At project start, there was a rough idea of how to design an Earth observation system to achieve the above objectives, as well as a general idea that such a system is useful for monitoring railways or geographically similar distributed infrastructures.
We identified further use cases for such an infrastructure earth observation system - road, dyke and power line monitoring - and created specific requirements for our pilot use case, the monitoring of railway tracks, as well as a demonstration scenario to test these requirements. While the final project goal is to setup a satellite constellation, the first step is to develop and integrate our system into an airborne prototype to demonstrate the feasibility of the concept. To keep our developments as compatible as possible for use in a satellite, we have expanded our use case requirements accordingly. This is to ensure that our solution is also suitable for the communication bandwidth and computing capacity of a spacecraft and can withstand the environmental conditions in space.
Using the above, we updated our system design. This is now partitioned into the flight platform and a ground system. The latter has a user interface component as well as a processing platform, which communicates with the interface to accept tasks and present results. The processing platform is set up using standard components -- containers to encapsulate software for processing steps, a message passing middleware to let these components exchange information, and an S3 storage to store bulk data. For both the user interface and the platform infrastructure we developed working prototypes and verified most of them using data from measurement flights. On the non-user end the ground system communicates with our flight platform. This will contain an on-board processing computer, which we specified and made an engineering model of, which we environmentally tested to check that the same computer would also work in space even if it will only be mounted on our demonstrator airplane used in this project. We updated the design of that flight platform to include the sensing equipment (navigation systems, nadir/oblique RGB cameras, SAR), in two pods mounted below each of the planes wings. We designed and assembled the wing pods to include acquisition computers for the sensing equipment and developed synchronization between the SAR or cameras, respectively, and the navigation systems. We also tested the individual hardware components, i.e. prior to integration into the platform, and calibrated sensors in order to ensure useful data is recorded after plane take-off.

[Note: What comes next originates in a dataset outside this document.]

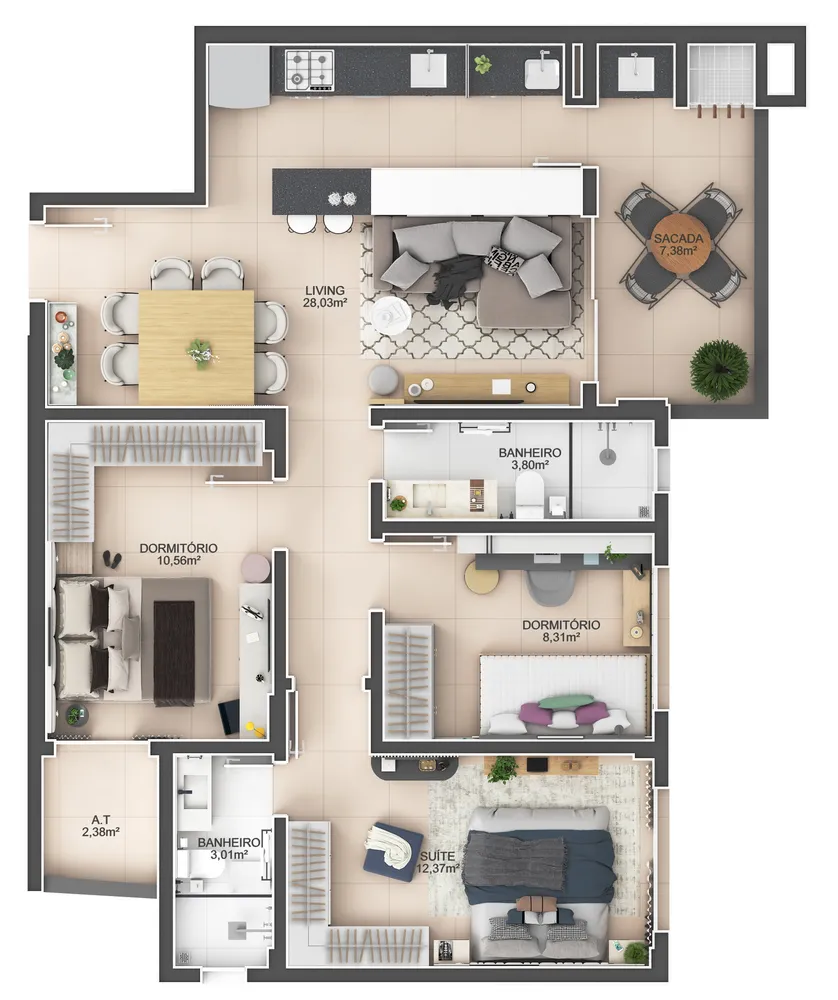 Apartamento, 2 quartos, 89 m² - Foto 3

One of the main ideas is to use sensors with different properties to observe the infrastructure and to find obstructions on, in our pilot use case, railway tracks. To do so, we developed and implemented processing steps from sensor data acquisition to the output of obstacle detections. For the RGB images, these are the determination of the regions of interest based on map data, geo-referencing of images, image masking and the detection of tracks in those images to find anomalies by comparing detections to railway track maps. For SAR, the steps are image formation in pre-determined regions of interest to produce SAR images corresponding to geo-referenced tiles, as well as the detection of changes of these SAR image tiles against references images. Finally these almost independent processing chains are joined by fusing the detections from the SAR and the RGB chains. For the individual processing steps, as well as for the software infrastructure to run them on the on-board platform, we developed prototypes, which are currently being integrated into the on-board processing system.
We also recorded datasets. This resulted in a preliminary RGB image dataset showing railway tracks with various anomalies captured on a very large and very diverse model railway, RGB images of railway tracks from UAV flights, as well as a small dataset of overlapping SAR and VIS images of railway tracks, some with obstacles placed onto them.